BEGIN Records provided

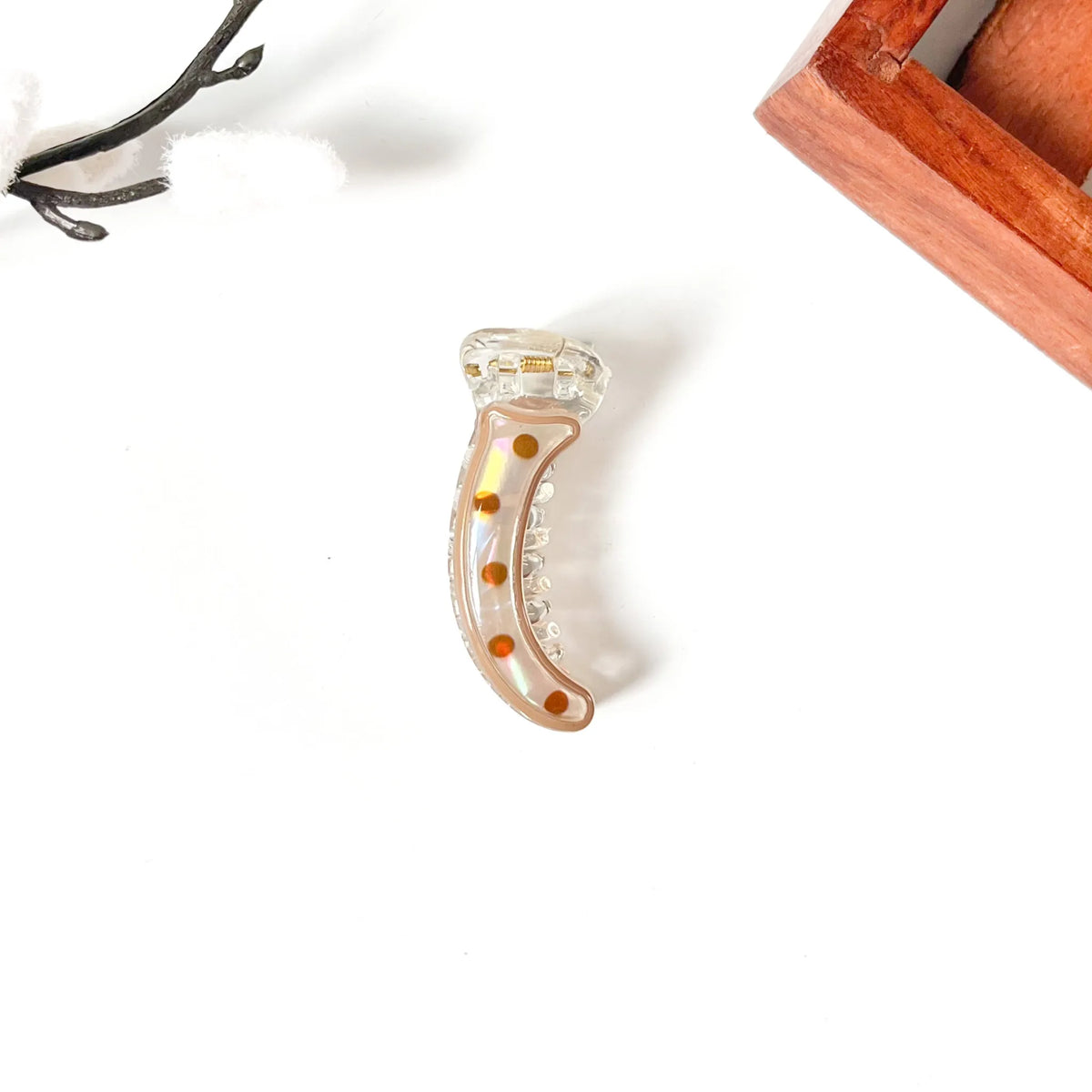 A clear crescent-shaped mini banana claw clip with amber-brown dots and a small gold accent, displayed on a white surface with decorative props.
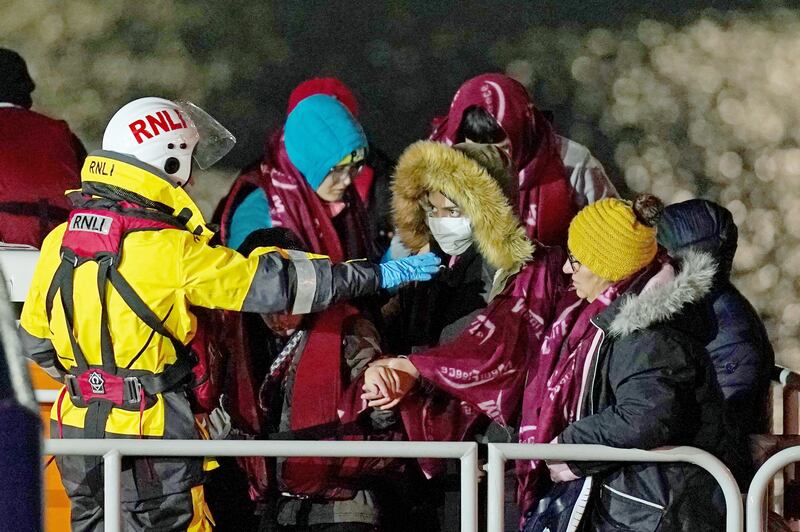 A group of people thought to be migrants are brought to Dover by the RNLI. PA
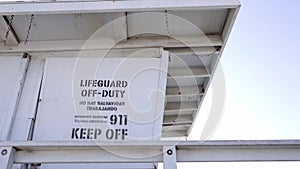 Lifeguard off duty sign in a coastguard cabin in Santa Monica beach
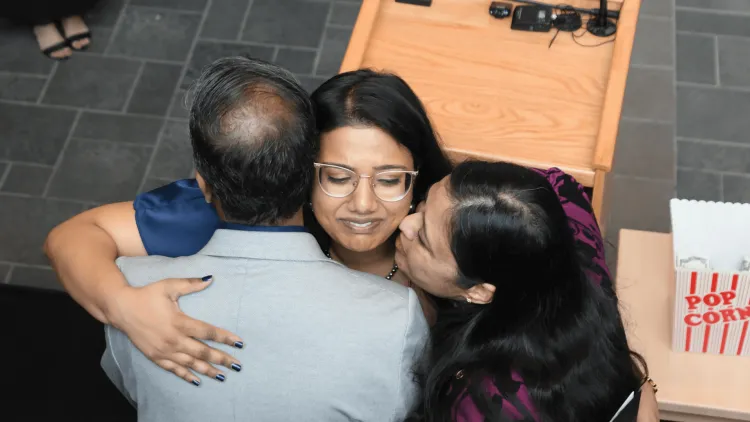 a woman hugs her parents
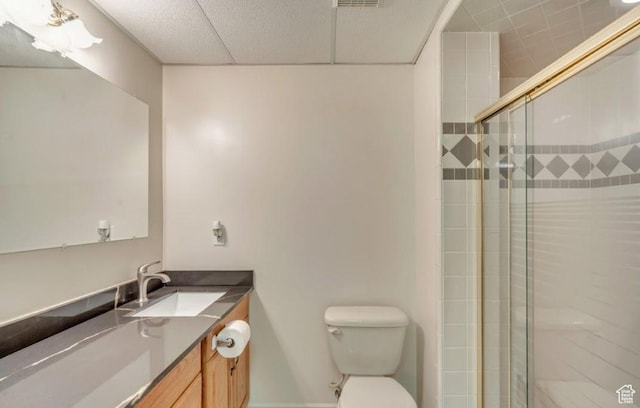 1231 E Tierney Cir, Sandy, UT 84094 - bathroom featuring toilet, vanity, a shower stall, and a drop ceiling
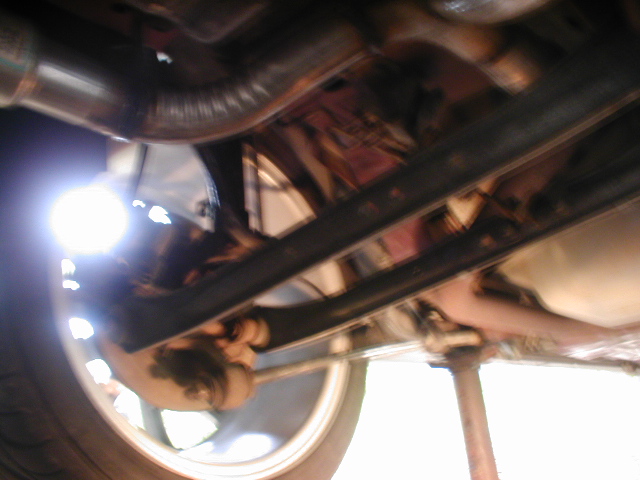 Underside view of a vehicle's exhaust system and wheel. Supermotors.net logo visible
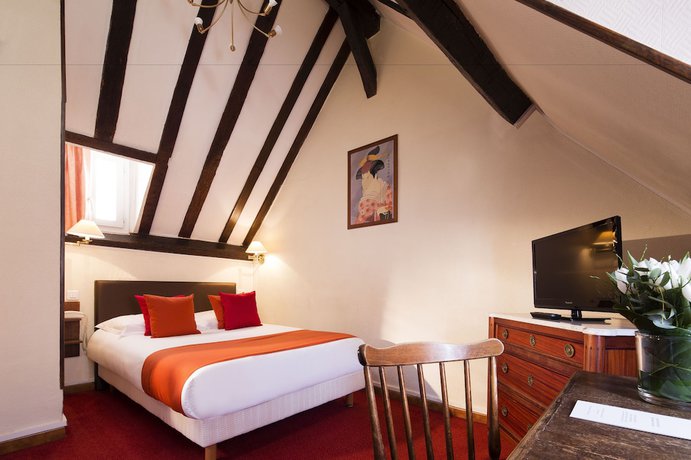 Imagen de la habitación del Hotel Saint-Roch. Foto 9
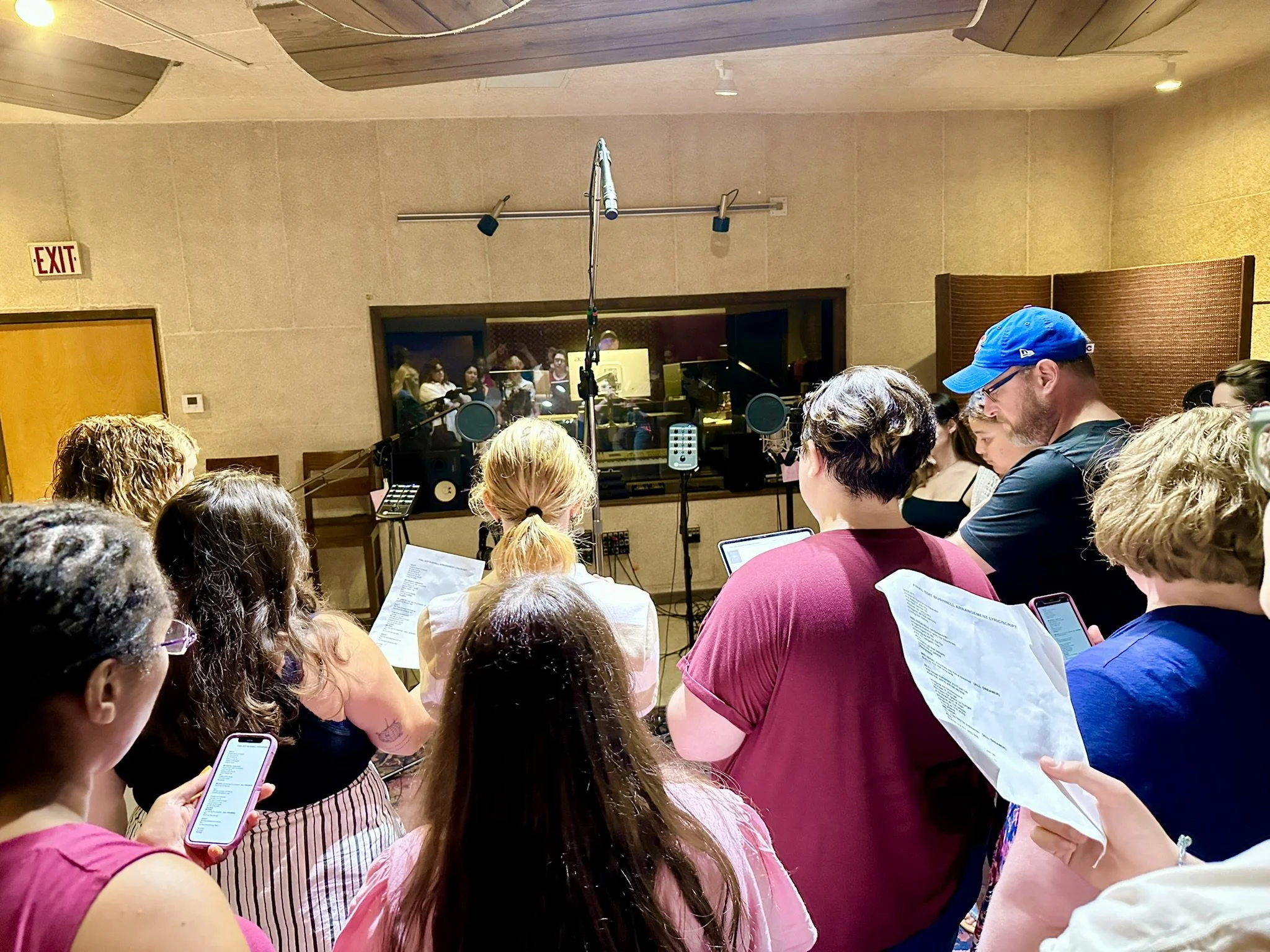 People in a recording studio, some holding sheets of paper and smartphones, with microphones and sound equipment in the background.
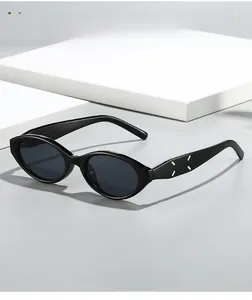 Detail view of oval cat-eye sunglasses with signature four-stitch design on the temple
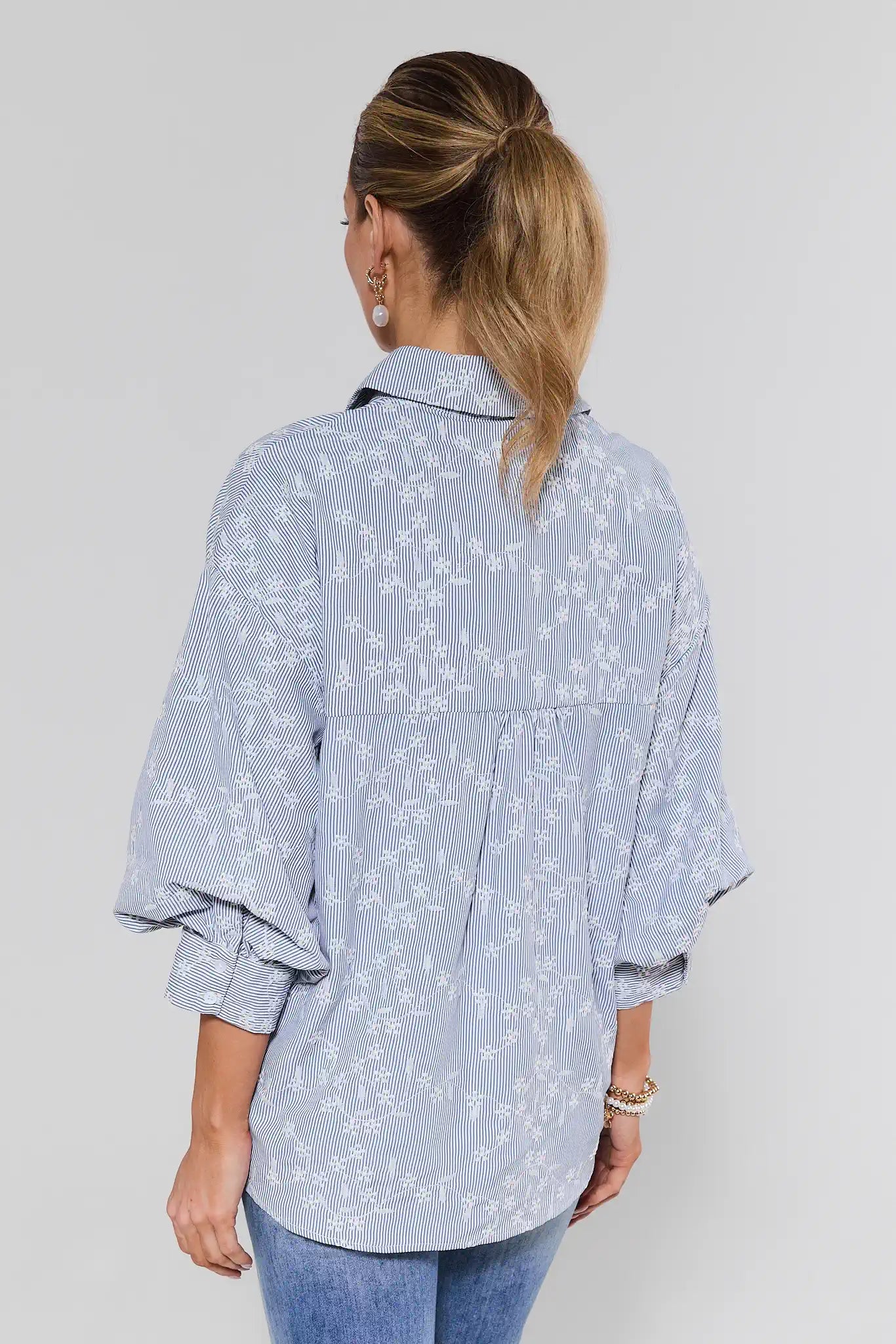 Woman wearing a light blue floral blouse with rolled-up sleeves on a white background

END Records provided

> _Aim of the task_
Once the line holding "Imagen de la" is found, set it down along with every line after it through the end of the entries, exactly, leaving the pictures out.

> _Worked solution_
 Imagen de la habitación del Hotel Saint-Roch. Foto 9
 People in a recording studio, some holding sheets of paper and smartphones, with microphones and sound equipment in the background.
 Detail view of oval cat-eye sunglasses with signature four-stitch design on the temple
 Woman wearing a light blue floral blouse with rolled-up sleeves on a white background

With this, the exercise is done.